You brought your A-game. You delivered. You reckon you’ve got it in the bag. Inside your head its high fives all round – but wait, what’s that sound pulling you back from your celebratory day dream? Uh oh, it’s THAT question – the one dreaded by all interviewees… “Do you have any questions for me?” It’s inevitable, so surely you’re prepared right? Riggghhhtt? Sadly, not everyone is. Don’t underestimate the impact of your questions just because they’re at the end. They count.
There’s no getting away from it, you have to come up with at least three questions to reflect your knowledge of the company, interest in the position and work ethic. If you’re struggling, here’s a list of interview questions to ask the employer to get you started.
Some people relish this part of the interview. It’s their opportunity to shine. On the other hand, there are some questions that are never appropriate to ask your interviewer. Here’s a list of questions you should steer clear of along with why they’re not a good idea and some snappy alternatives;
1.Never ask: for information you could have easily found with a quick Google search – questions like “what does your company do?” are detrimental in the interview process. Asking questions about the company that you could have researched beforehand demonstrates you have not done your research and implies that you are not interested in the position.
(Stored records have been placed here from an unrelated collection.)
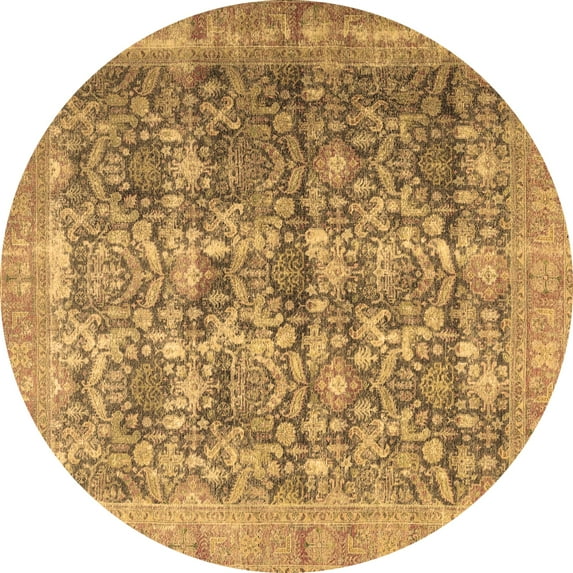 Ahgly Company Indoor Round Persian Brown Traditional Area Rugs, 7' Round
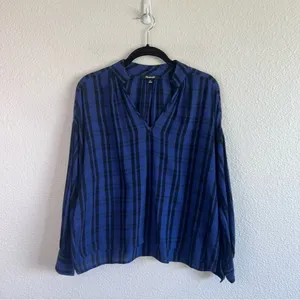 Madewell Highroad‎ Popover Shirt in Chelton Plaid Black Blue thumbnail 2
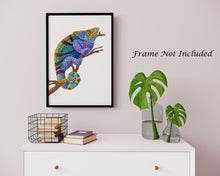Load image into Gallery viewer, Watercolor Chameleon Poster Print - Lizard painting, Animal Wall Art - Reptile wall art - Physical Print Without Frame -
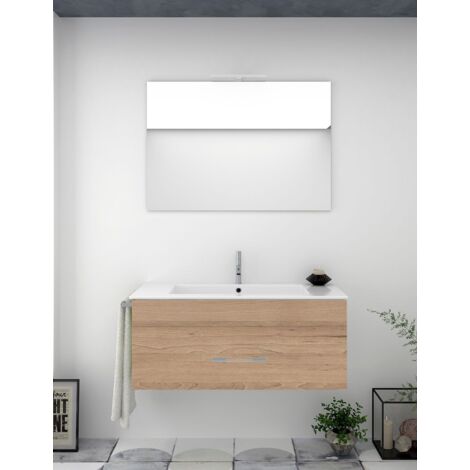 Set da bagno sospeso Firenze cassetti - 8 colori diversi - 14 misure - Include mobile, lavabo e specchio - Steppa 70x45Cm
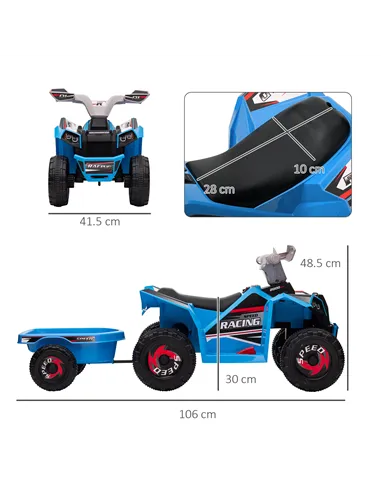 HOMCOM 6V Quad Bike with Back Trailer, Wear-Resistant Wheels, for Ages 18-36 Months, Blue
What you should be asking: I saw on your website that you recently took part in x, y & z. Can you tell me more about that?
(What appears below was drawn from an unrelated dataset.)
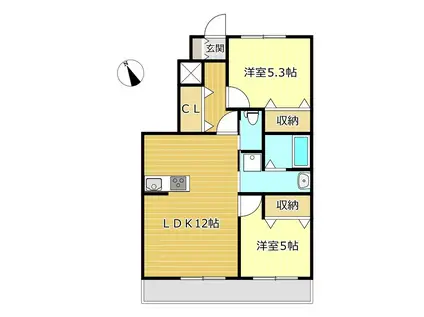 LUMINOUS(2LDK/1階)の間取り写真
2.Never ask: if you can change the job details, the schedule, or move to other areas of the business. Questions about hours, extra work and overtime imply that you are only in it for the money and don’t have a vested interest in the company. Try instead to demonstrate enthusiasm for the position, you’re much more likely to get a foot in the dour that way.
What you should be asking: What does a typical day look like in terms of this role and how do you interact with other teams? The answer will likely give you insight into expected work hours
3.Never ask: about gossip you’ve heard. Not only can this questions come off as self-serving but it gives the impression you may not be a team player, avoid looking like you’ve got a chip on your shoulder.
What you should be asking: How many people are there in the team? What’s the company culture like here?